+++ Material provided

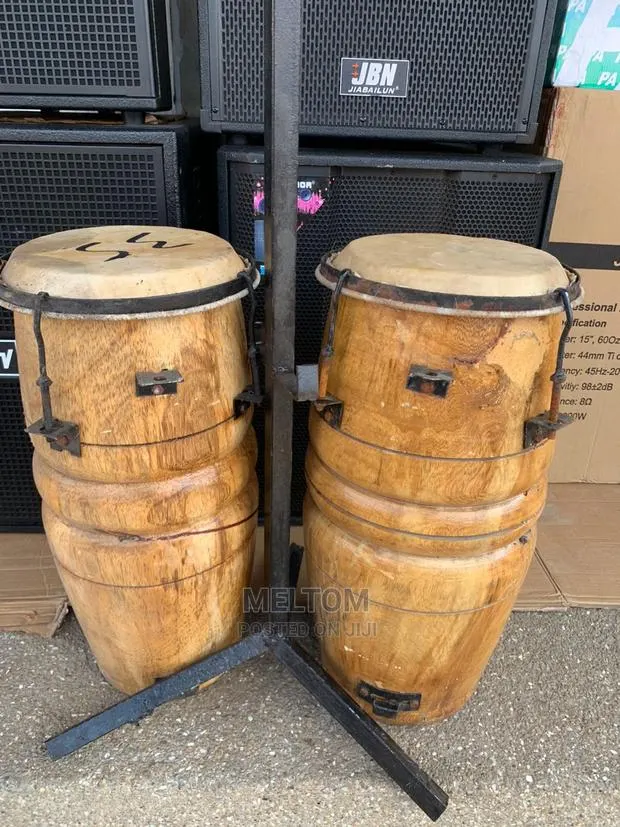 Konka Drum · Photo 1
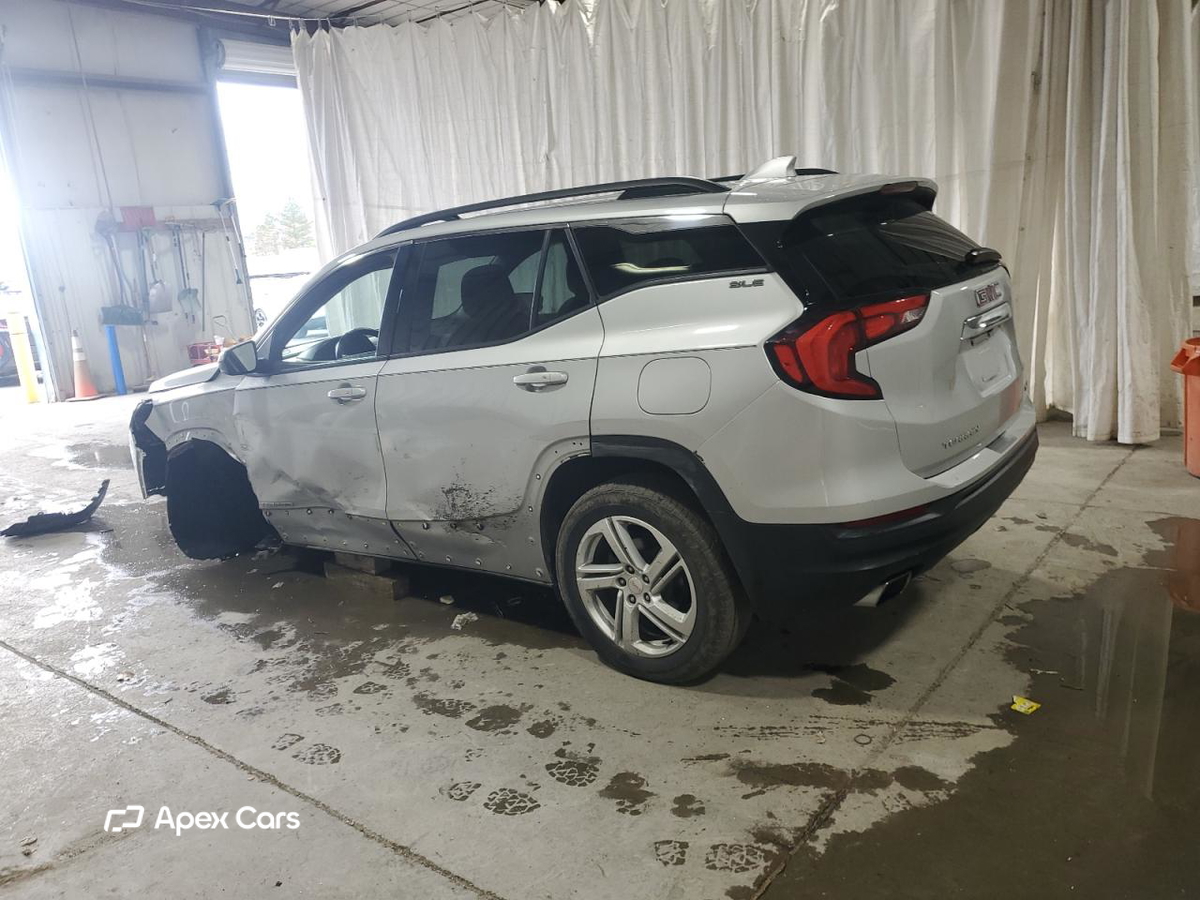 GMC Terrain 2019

++++++
+++ Material provided

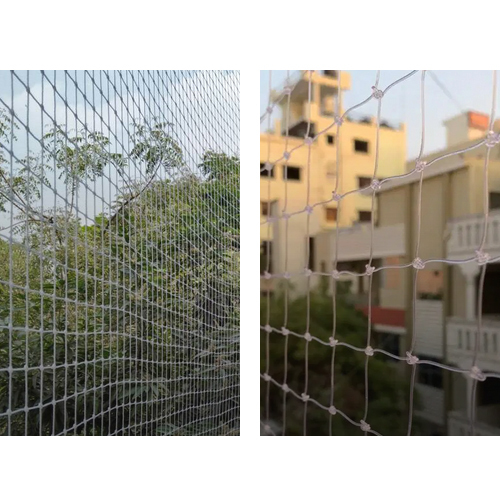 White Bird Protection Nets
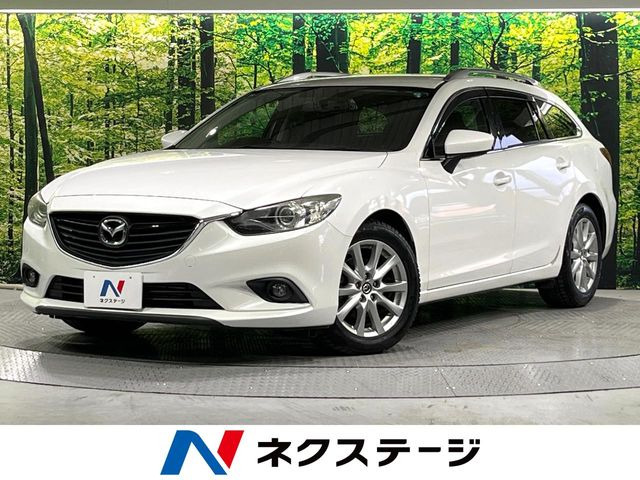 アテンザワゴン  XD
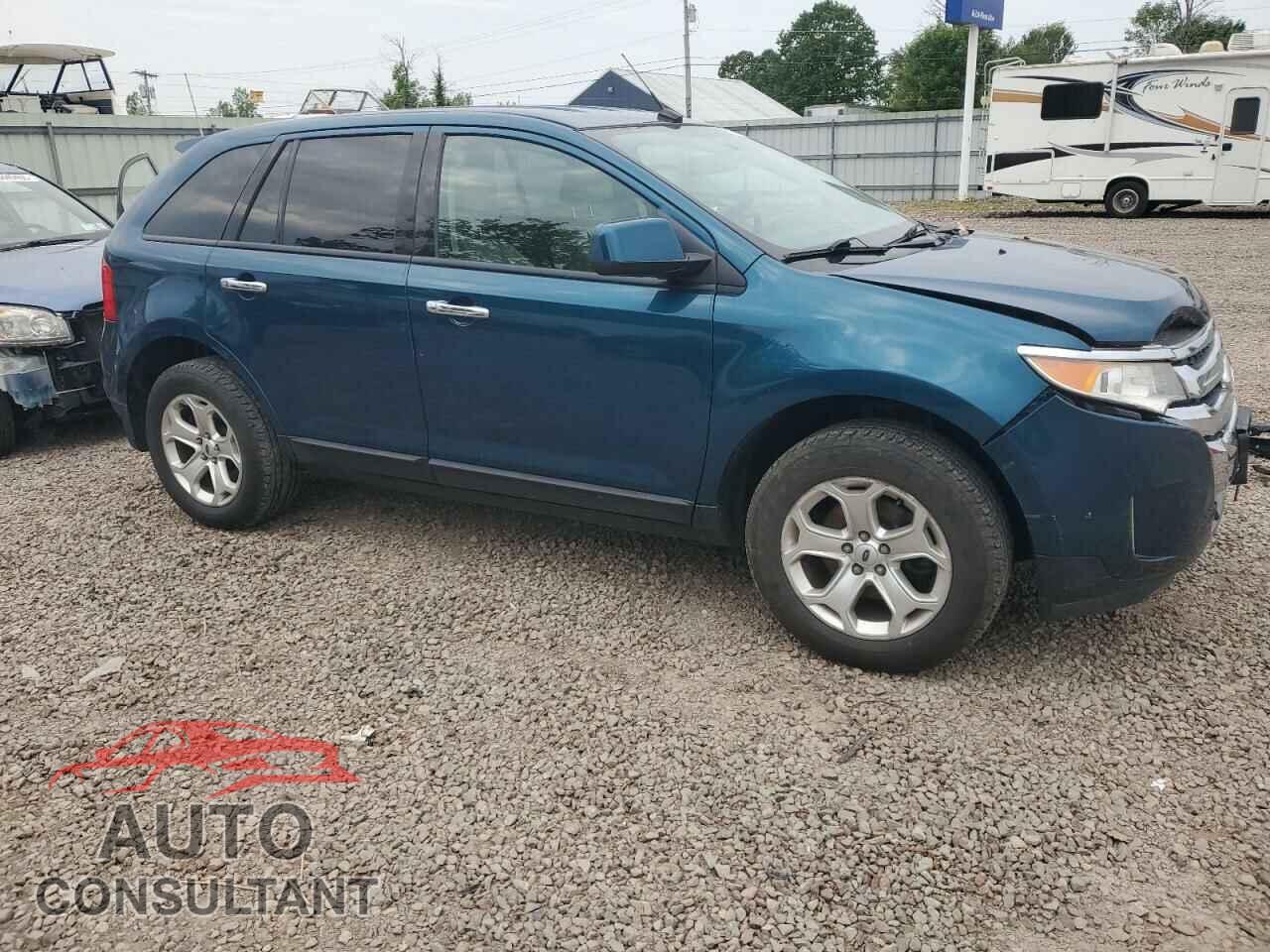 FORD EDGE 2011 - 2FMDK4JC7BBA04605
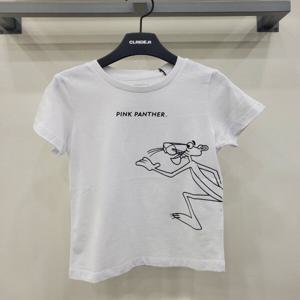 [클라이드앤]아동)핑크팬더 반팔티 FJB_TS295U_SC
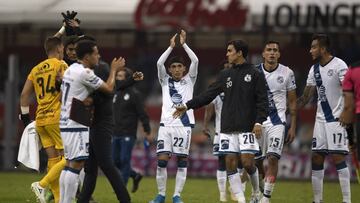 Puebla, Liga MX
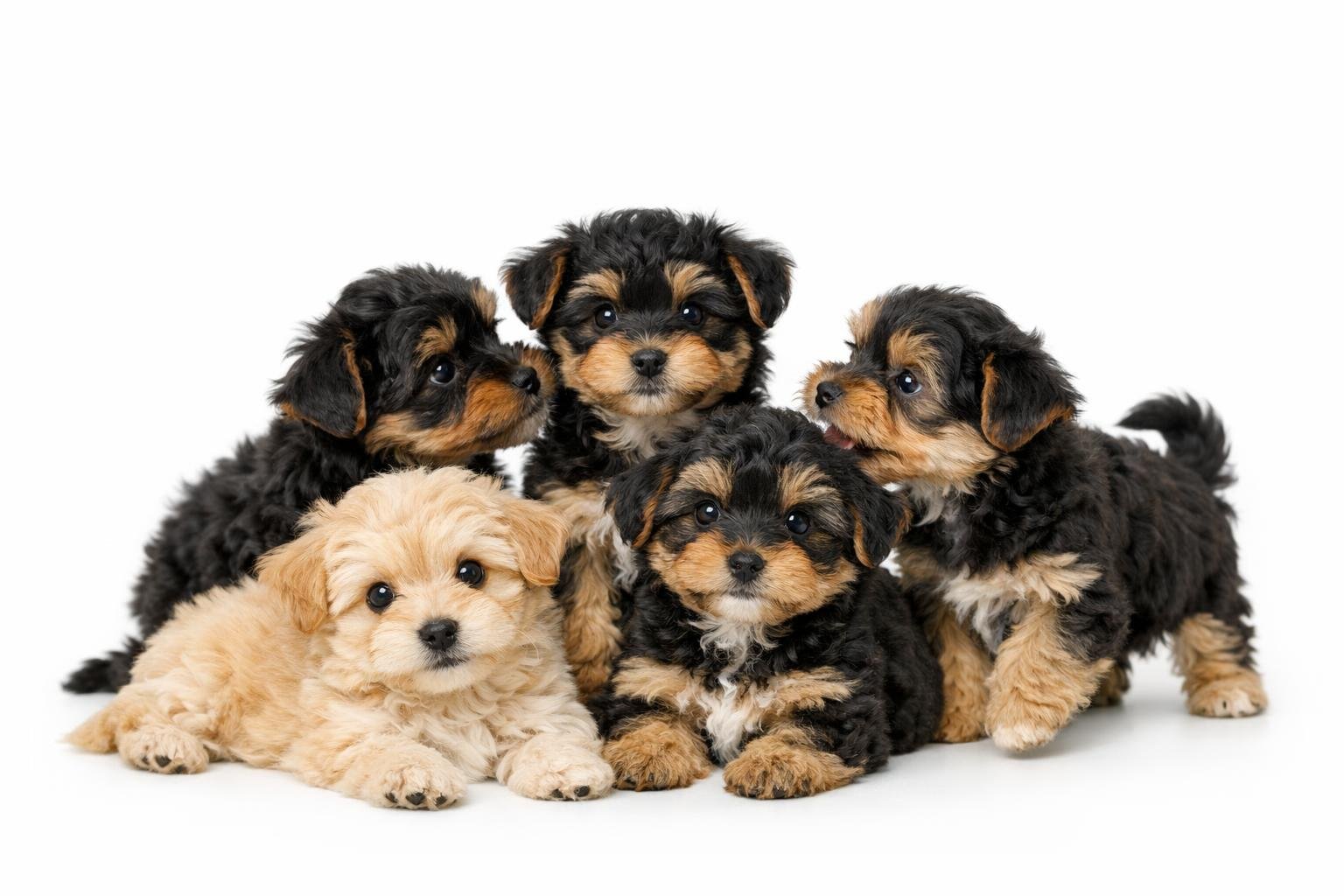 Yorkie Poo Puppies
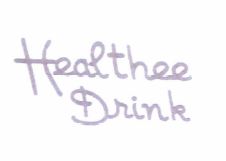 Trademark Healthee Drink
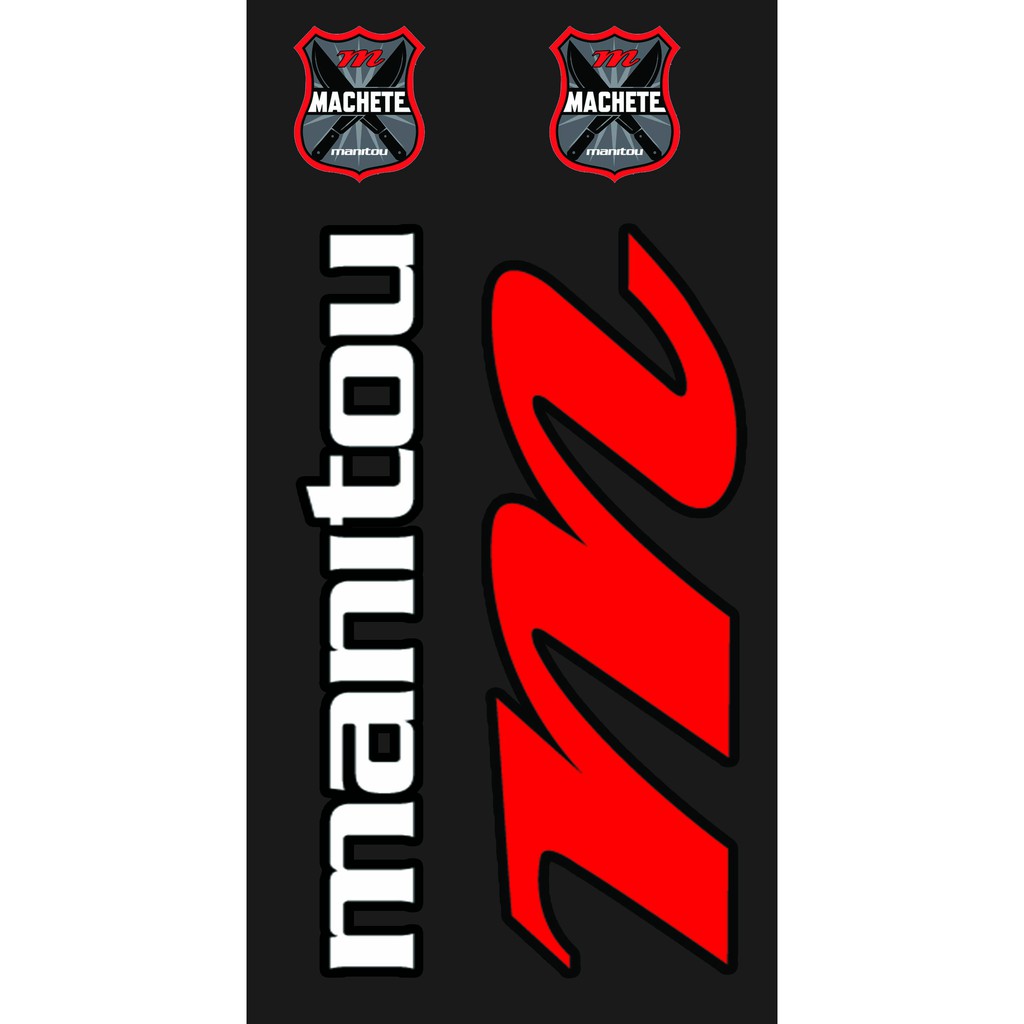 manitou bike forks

++++++

Leave the pictures out, and transcribe exactly the lines above starting at the one that contains "White Bird Protection Nets" and ending at the one that contains "manitou bike forks".

#### Solution to this exercise
 White Bird Protection Nets
 アテンザワゴン  XD
 FORD EDGE 2011 - 2FMDK4JC7BBA04605
 [클라이드앤]아동)핑크팬더 반팔티 FJB_TS295U_SC
 Puebla, Liga MX
 Yorkie Poo Puppies
 Trademark Healthee Drink
 manitou bike forks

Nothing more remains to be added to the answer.